-- TASK TO COMPLETE --
Reproduced exactly, the lines from the start of the material through the line containing "Monochrome Zebra Print" should be the whole answer, with pictures excluded.

-- EXCERPTED DATA --
● ● ●

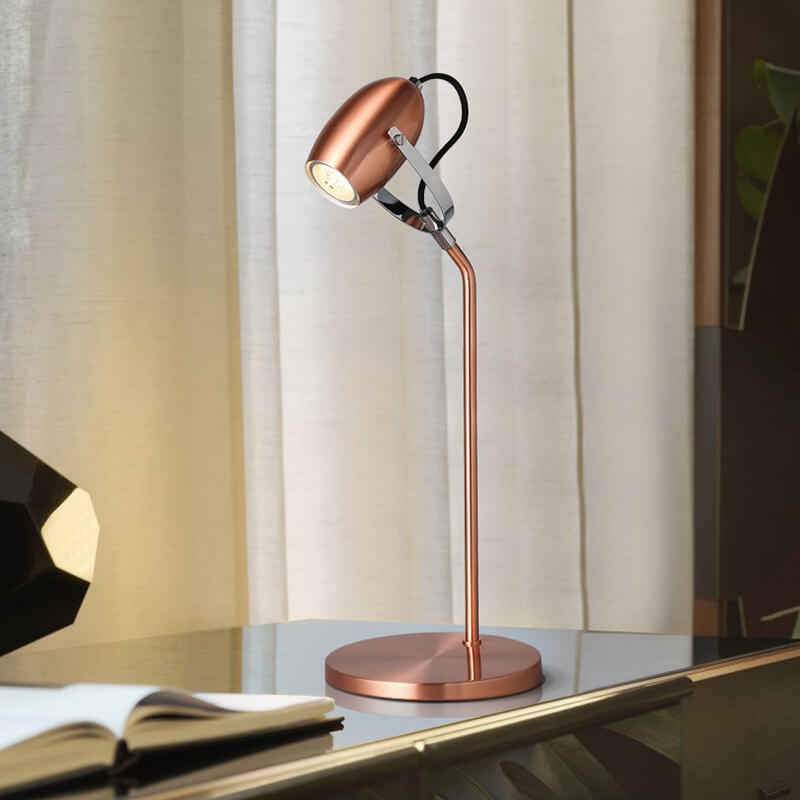 Modern Rose Gold Adjustable 1-Light LED Desk Lamp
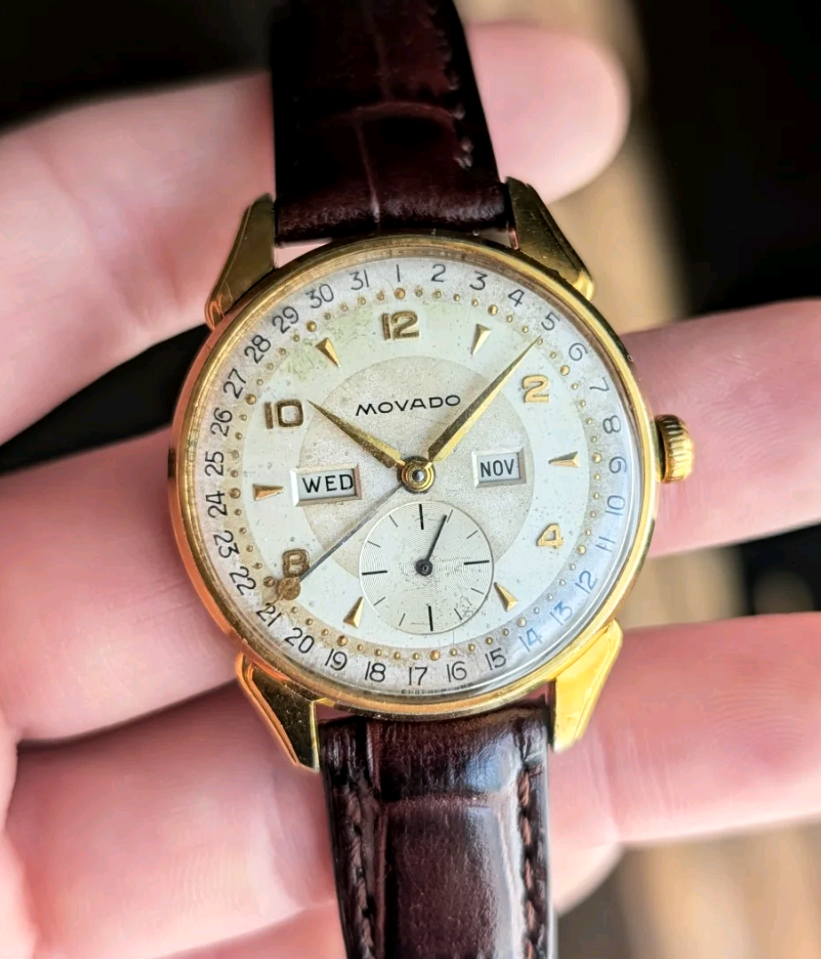 Vintage 14k Gold Movado Triple Calendar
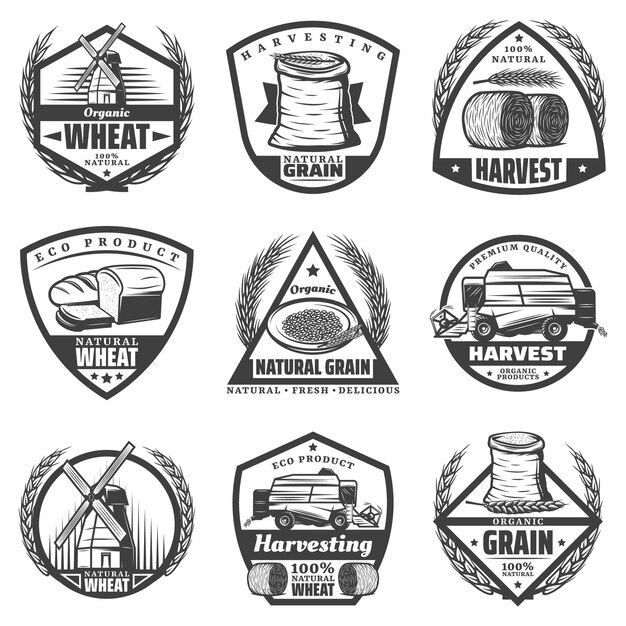 Vintage monochrome harvesting labels set with wheat ears flour wreathes hay bales windmill baking products harvester isolated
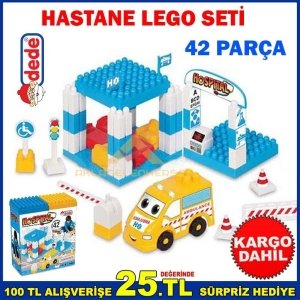 Kargo Dahil DEDE EĞİTİCİ OYUNCAK HASTANE 42 PARÇA LEGO SETİ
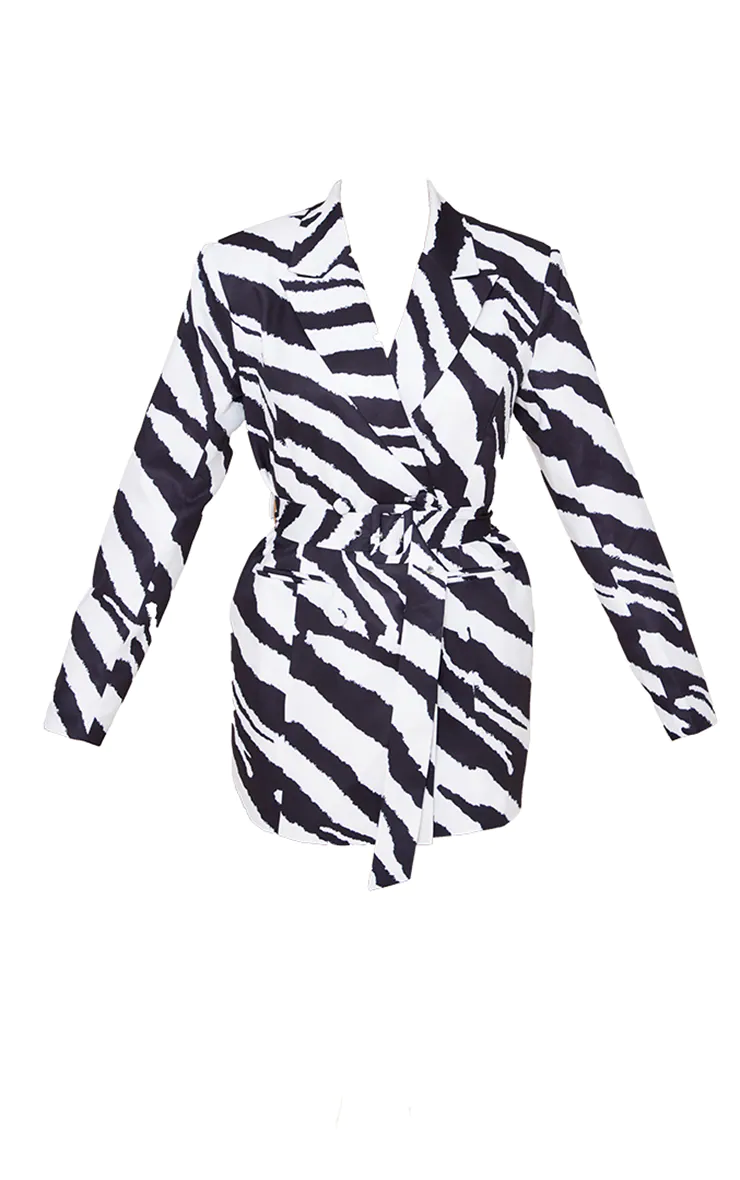 Monochrome Zebra Print Structured Tie Waist Blazer Dress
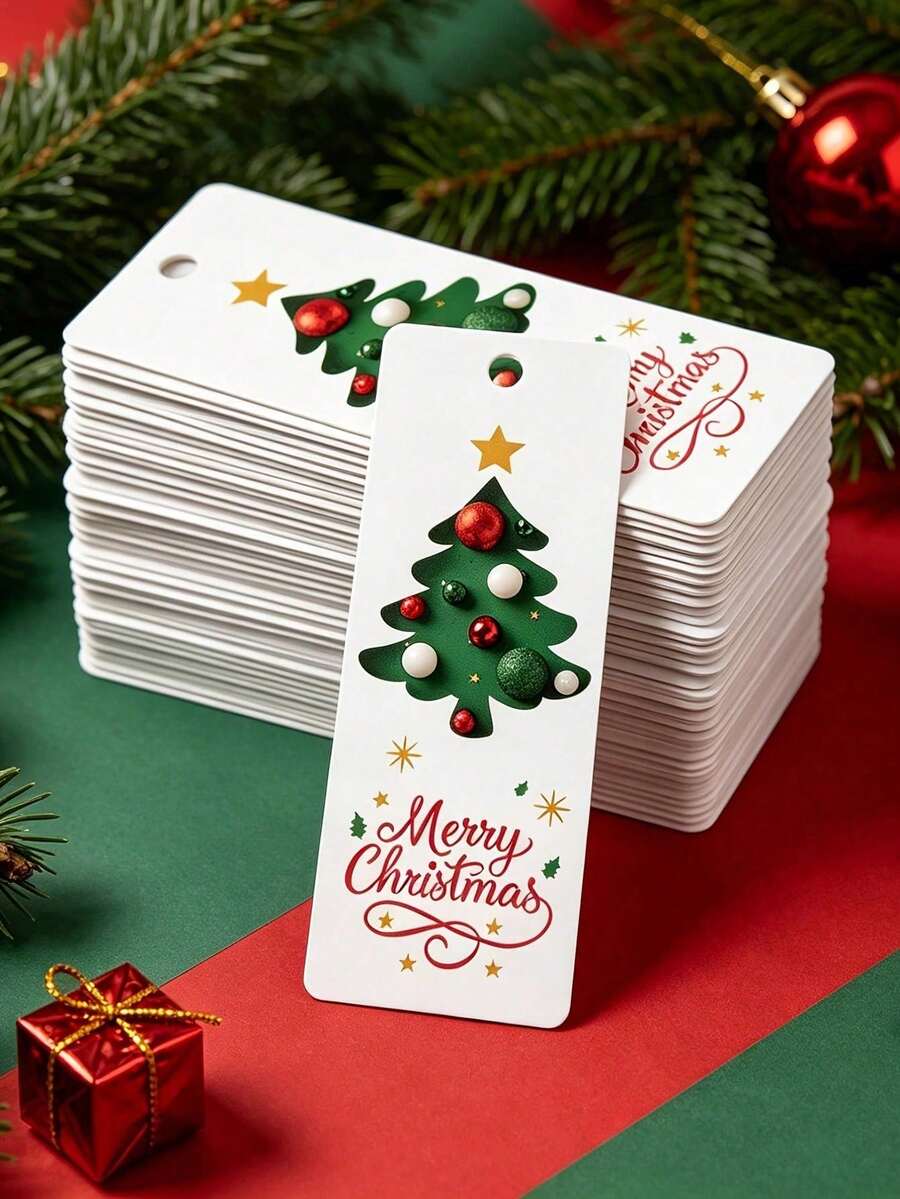 50/100pcs Merry Christmas Gift Hang Tags, Rectangle White Paper Tags With Christmas Tree, Star & Bauble Pattern, Xmas Decorative Label Cards With Pre-Punched Hole For Gift Wrap, Holiday Party, DIY Crafts - Multicolor - View 1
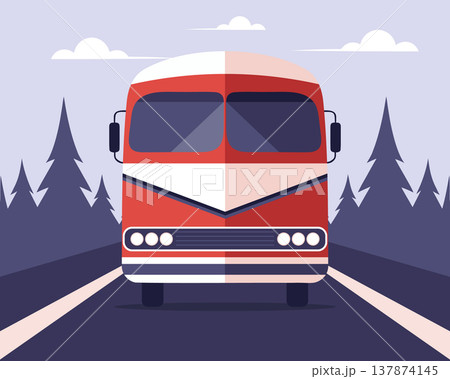 Red and white bus on a road. Front view of a retro van. Illustration. 137874145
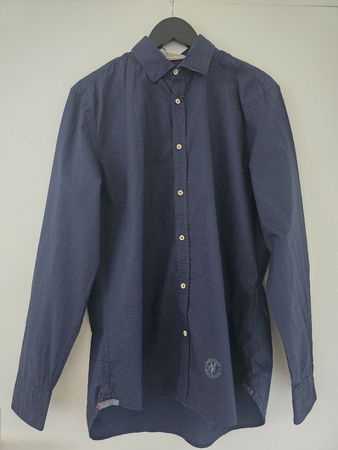 Marc O'Polo Herrenhemd Slim Fit Gr. XL (43/44) – Blau Punkte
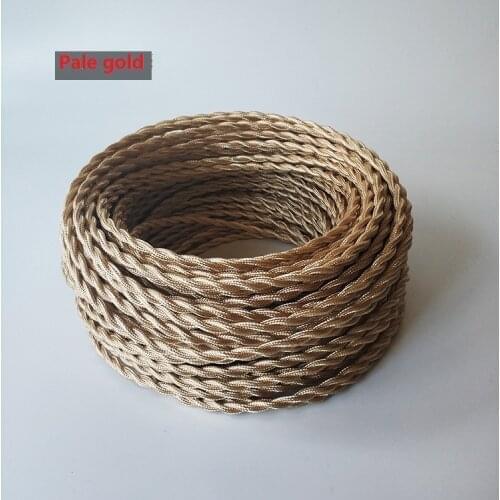 Pale gold 2/5 Meters 2 Core Electrical Rope Wire Vintage Antique Braided Twisted Fabric Lighting Cable Woven Silk Flexible Cord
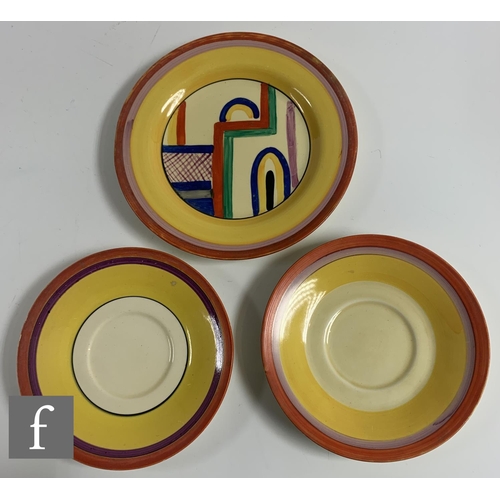 332 - Clarice Cliff - Tennis - A matched Stamford shape early morning breakfast set circa 1930, comprising...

● ● ●

-- ANSWER AREA --
 Modern Rose Gold Adjustable 1-Light LED Desk Lamp
 Vintage 14k Gold Movado Triple Calendar
 Vintage monochrome harvesting labels set with wheat ears flour wreathes hay bales windmill baking products harvester isolated
 Kargo Dahil DEDE EĞİTİCİ OYUNCAK HASTANE 42 PARÇA LEGO SETİ
 Monochrome Zebra Print Structured Tie Waist Blazer Dress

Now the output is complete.